Après « Les Misérables »de Victor Hugo et avant « Le Masque de Fer » qui fait partie de ses futurs projets, Thierry Debroux s’est attaqué à l’univers d’Alexandre Dumas avec cette brillante adaptation de son roman fleuve « Le Comte de Monte-Cristo ». La pièce de théâtre ravive nos souvenirs, et enfonce le clou pour remettre Monte Cristo au premier plan de l’actualité culturelle alors que la version cinématographique avec Pierre Niney explose le box office.
Edmond Dantès, injustement condamné, s’évade après 14 ans de bagne. Sa vengeance sera impitoyable, mais deviendra pour lui comme une seconde prison…
( source Théâtre Royal du Parc)
Lentement et avec minutie Edmond Dantès va tisser sa toile, avant d’y attirer ses ennemis pour une vengeance impitoyable.
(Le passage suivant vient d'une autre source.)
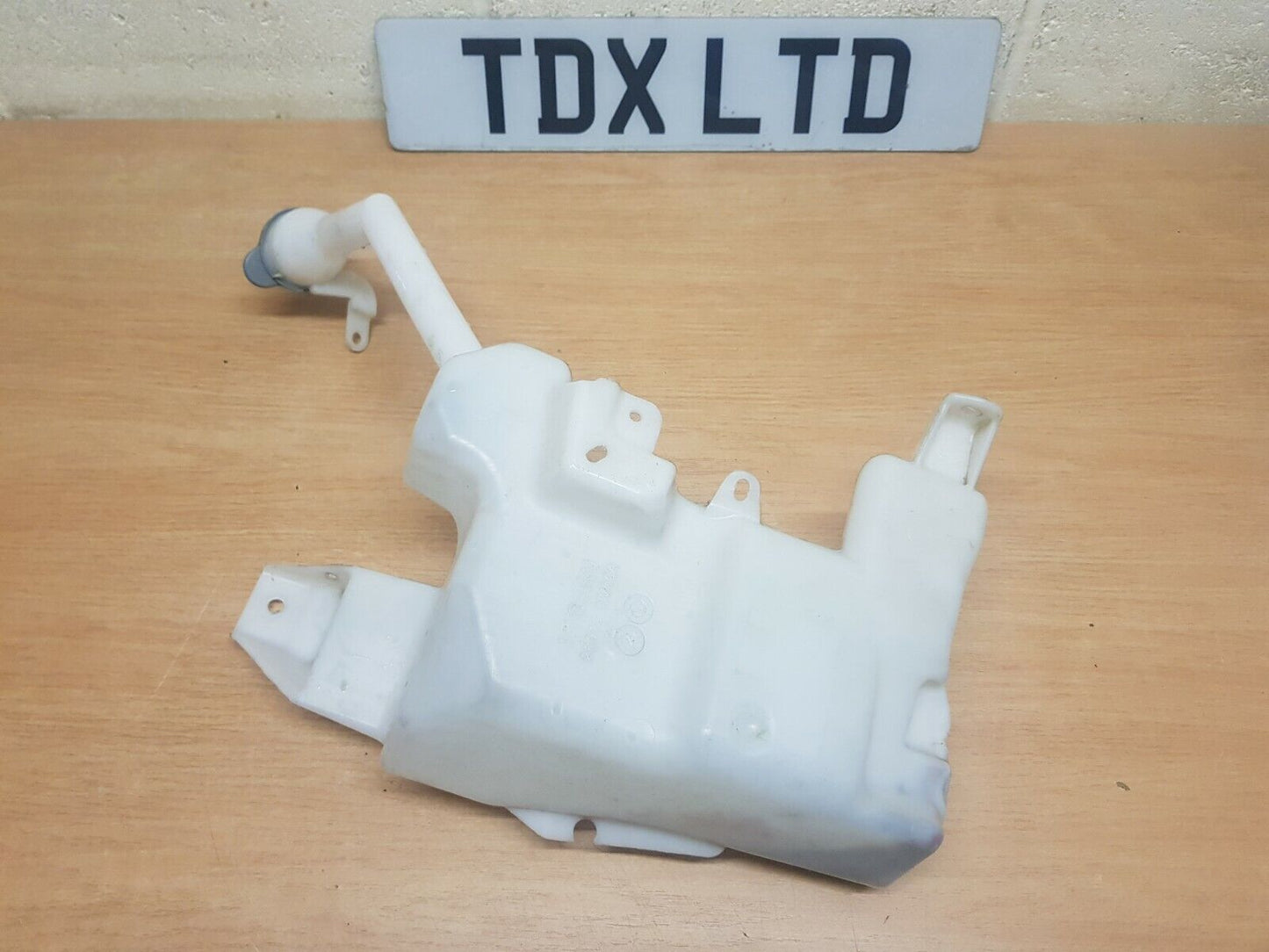 NISSAN QASHQAI J11 MK2 GENUINE WASHER BOTTLE TANK + MOTOR PUMP 2014-2019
Ce qui fait l’intérêt de ce spectacle c’est bien sûr et avant tout l’interprétation formidable des comédiens , l’extraordinaire Itsik Elbaz en tête, mais aussi la force de l’adaptation – pas simple d’adapter en deux parties et environ 2h20 cette brique littéraire – ainsi que la mise en scène habile et inventive, qui réussit à capturer l’intensité profonde des thèmes de la vengeance, de la trahison et de la rédemption qui animent l’œuvre originale.
Outre Itsik Elbaz qui campe un Edmond Dantès royal, il faut congratuler les nombreux comédiens brillants qui l’entourent et que je vais prendre le temps de citer : Jean-Philippe Altenloh, Cindy Besson, Nathan Fourquet-Dubart, Lou Hebborn, Jonas Jans, Tiphanie Lefrançois, Lucas Monton, Quentin Minon, Nicolas Ossowski, Guy Pion, Benjamin Van Belleghem, Valentin Vanstechelman, Benoît Verhaert, Anouchka Vingtier et trois stagiaires Melvin Guerez, Luca Ricottone, Clémentine Fargeas-Sichler.
Ils apportent chacun et chacune à leur manière leur concours au maintien d’une intrigue, d’une émotion et d’une tension qui restent palpables tout au long de la pièce.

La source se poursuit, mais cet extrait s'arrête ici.